Reminder: this is not from the flesh or our human ability. Courage comes through the Spirit and the word that God has graciously gifted us with.
Pro 16:32 He who is slow to anger is better than the mighty, And he who rules his spirit, than he who captures a city.
Courage comes from spiritual growth by means of the Spirit.
Joh 20:19 the doors were shut where the disciples were, for fear of the Jews
Act 4:13 Now as they observed the confidence of Peter and John, and understood that they were uneducated and untrained men, they were marveling.
Notice the contrast and note the reason for the difference. They saw the resurrected Christ and so were convinced of His victory over death. He breathed upon them the Holy Spirit and instructed them in the scriptures concerning Himself. They received the filling of the Holy Spirit at Pentecost. By means of instruction, faith, and the Spirit they changed from timidity to courage.
2Ti 1:7 For God has not given us a spirit of timidity, but of power and love and discipline.
Good leaders face unpleasant and even devastating situations with courageous patience and composure and then they act firmly in pursuit of goodness in the midst of trouble, even if their action is unpopular.

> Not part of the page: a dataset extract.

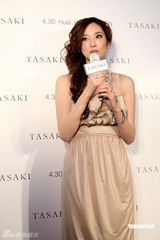 幻灯图：吴佩慈为珠宝代言吸金 米色低胸长裙秀性感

Often coming upon him is the natural human inertia of fallen creatures attempting to push him one way or the other. But courage follows through on the good work of the will of God until it is finished.
During a crisis the courageous leader is calm when others might be losing their heads.
Mat 8:24-25 And behold, there arose a great storm in the sea, so that the boat was covered with the waves; but He Himself was asleep. And they came to Him, and awoke Him, saying, "Save us, Lord; we are perishing!"
Jos 1:9 Have I not commanded you? Be strong and courageous! Do not tremble or be dismayed, for the Lord your God is with you wherever you go."
2Ch 32:6 And he [Hezekiah] appointed military officers over the people, and gathered them to him in the square at the city gate, and spoke encouragingly to them, saying,
2Ch 32:7 "Be strong and courageous, do not fear or be dismayed because of the king of Assyria, nor because of all the multitude which is with him; for the one with us is greater than the one with him.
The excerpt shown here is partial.